EXERCISE: Could you output each record below exactly as it stands and leave the pictures out?

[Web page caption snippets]
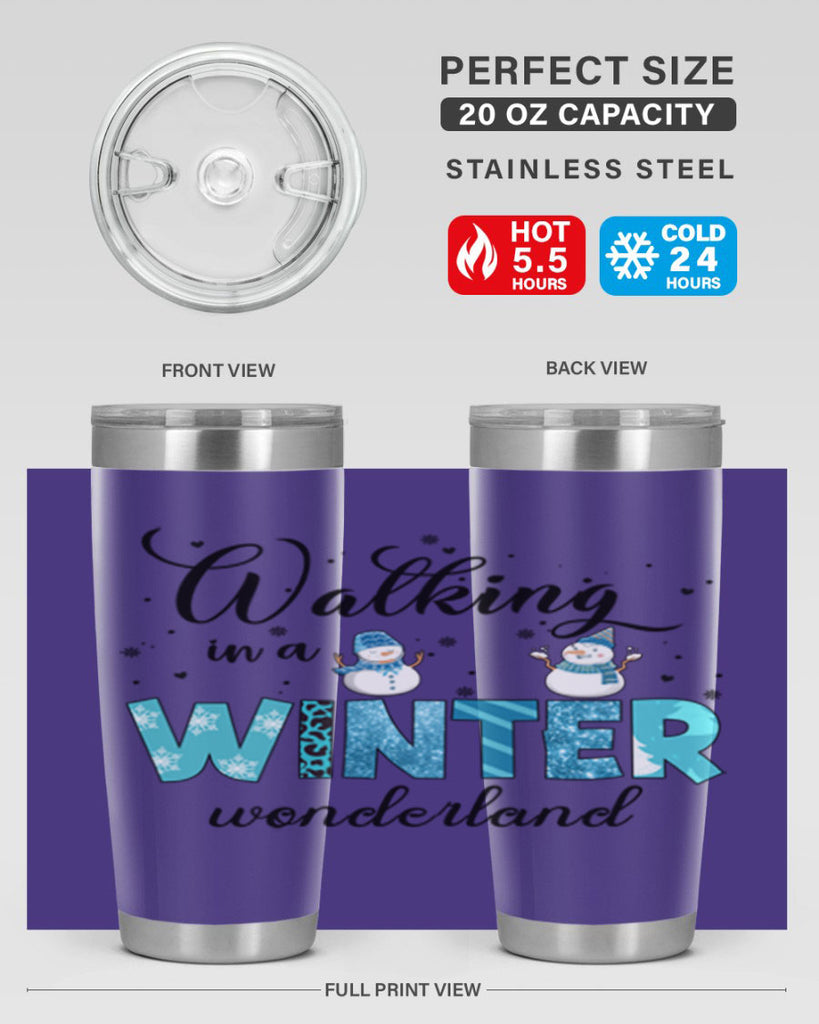 Walking in a winter wonderland 443#- winter- Tumbler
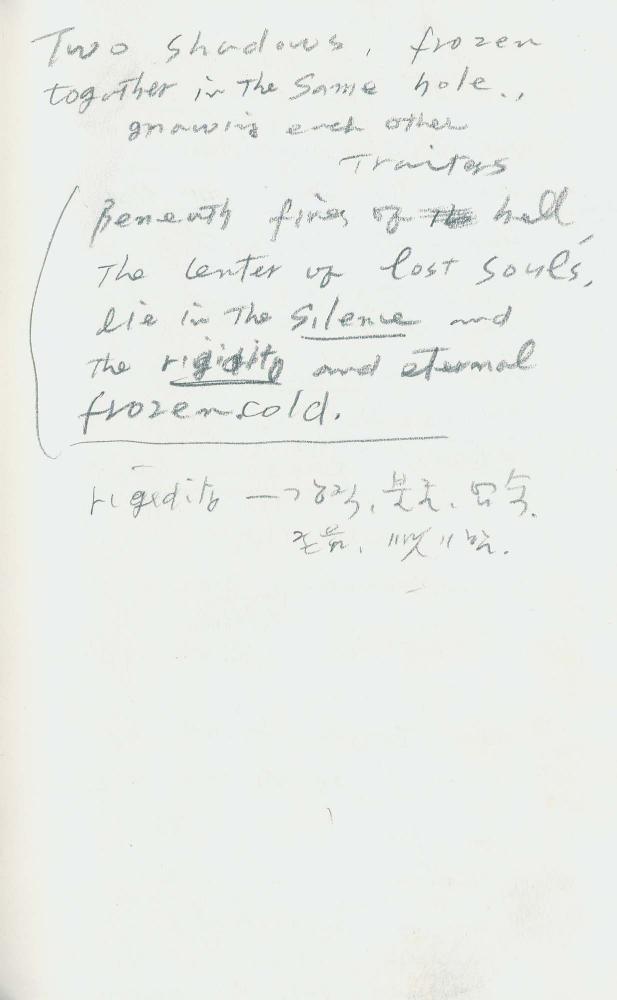 1986년 김차섭 구상노트 4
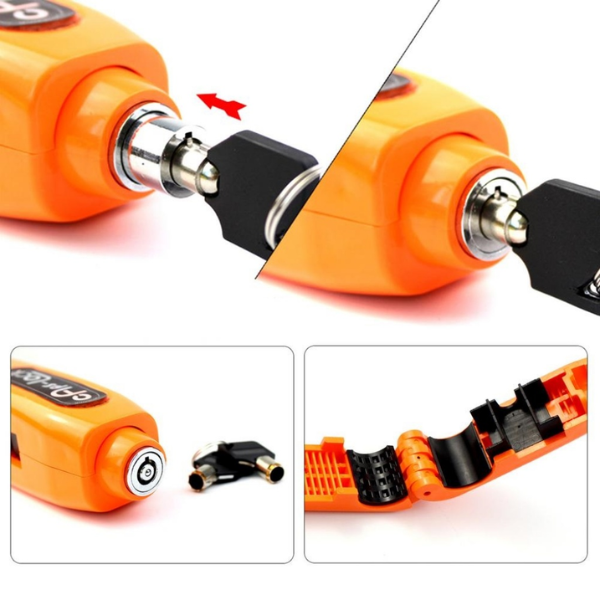 Candado Antirrobo Para Motos Bloqueo de Agarre LockGrip™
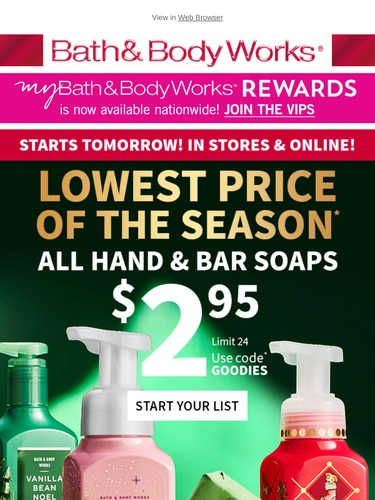 Bath & Body Works Newsletter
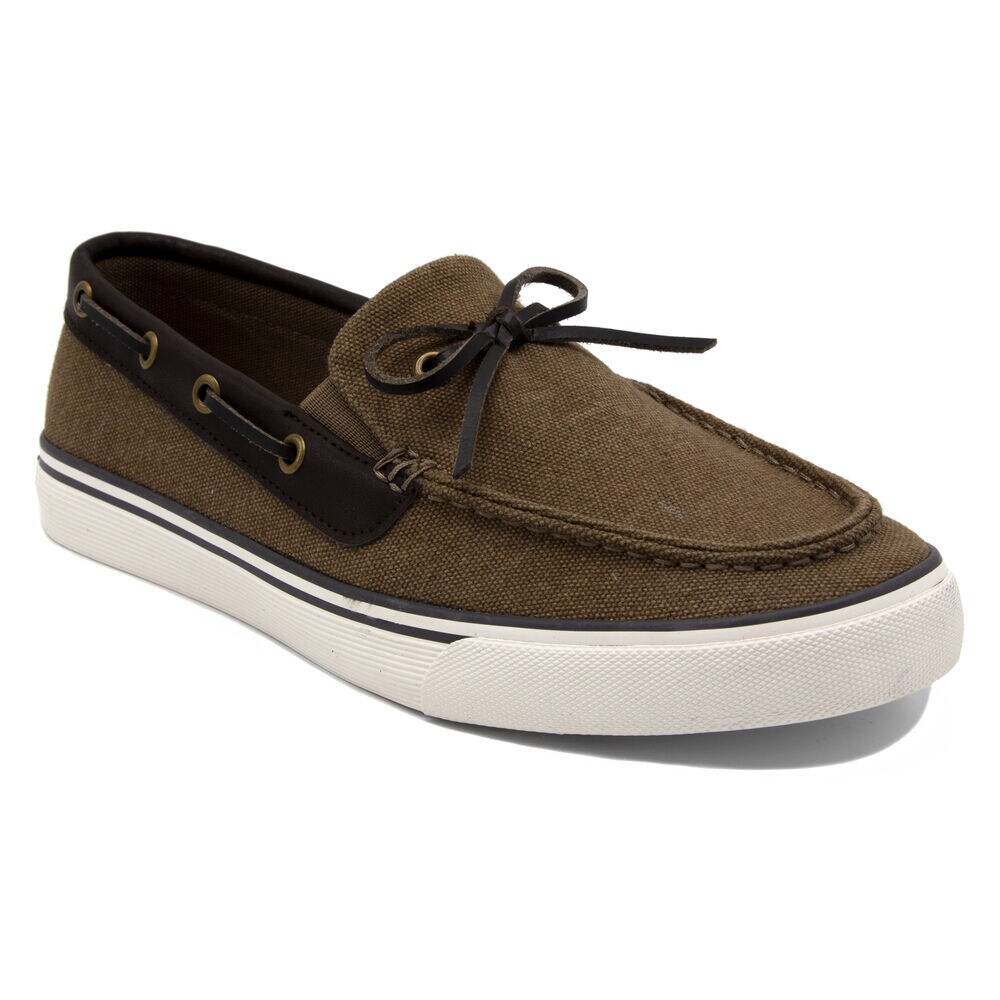 Baisden Boat Shoe in Dark Khaki,Khaki,large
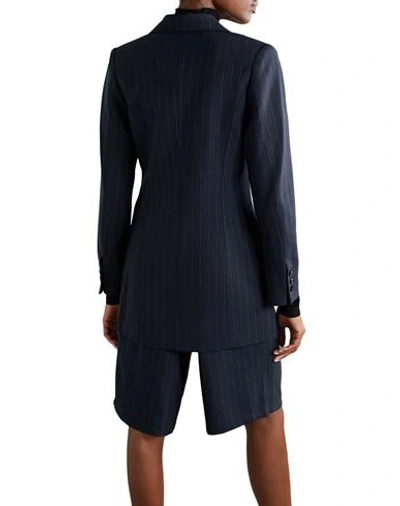 Shop Anna Quan Woman Suit Jacket Midnight Blue Size 10 Polyester, Wool, Elastic Fibres, Viscose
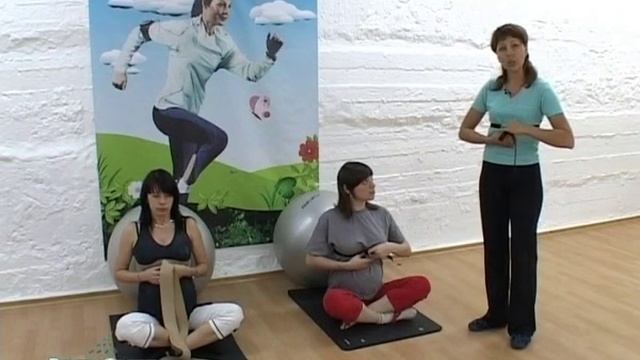 Волга Спорт. Фитнес для беременных. Дых. техники 1 смотреть онлайн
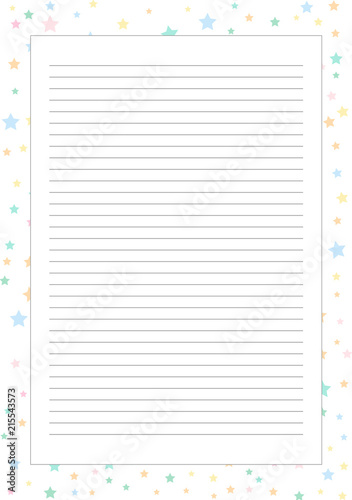 Printable page template for notebooks, scrapbooking.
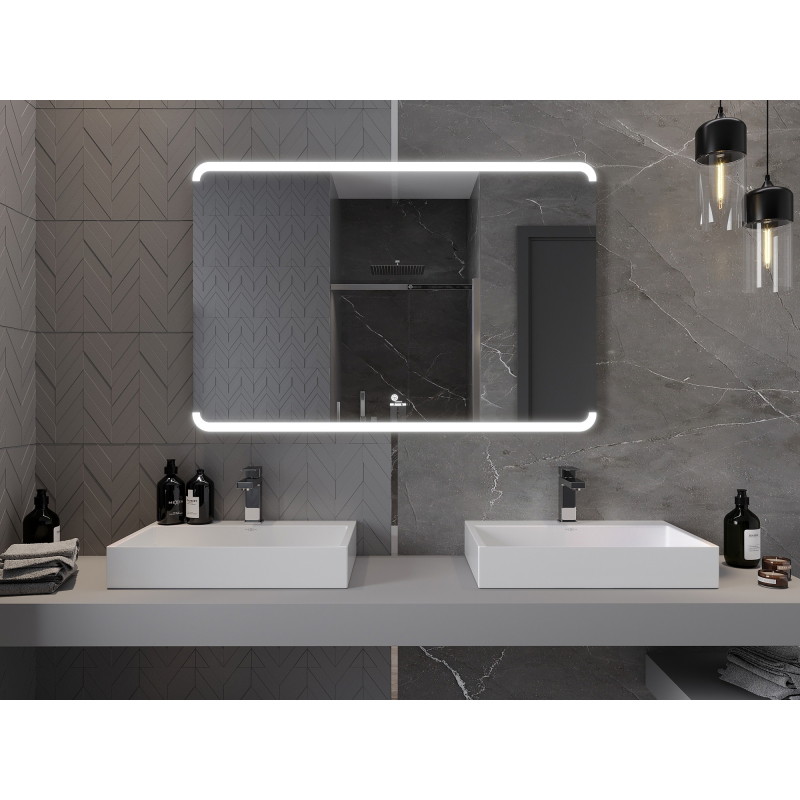 Mexen Nida lustro łazienkowe podświetlane 120 x 80 cm, LED 6000K, antypara - 9806-120-080-611-00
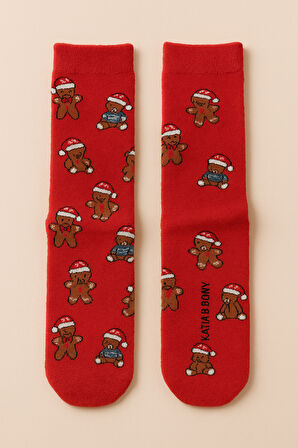 Unisex Bread Man Yılbaşı Soket Çorap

RESPONSE TO THE EXERCISE:
 Walking in a winter wonderland 443#- winter- Tumbler
 1986년 김차섭 구상노트 4
 Candado Antirrobo Para Motos Bloqueo de Agarre LockGrip™
 Bath & Body Works Newsletter
 Baisden Boat Shoe in Dark Khaki,Khaki,large
 Shop Anna Quan Woman Suit Jacket Midnight Blue Size 10 Polyester, Wool, Elastic Fibres, Viscose
 Волга Спорт. Фитнес для беременных. Дых. техники 1 смотреть онлайн
 Printable page template for notebooks, scrapbooking.
 Mexen Nida lustro łazienkowe podświetlane 120 x 80 cm, LED 6000K, antypara - 9806-120-080-611-00
 Unisex Bread Man Yılbaşı Soket Çorap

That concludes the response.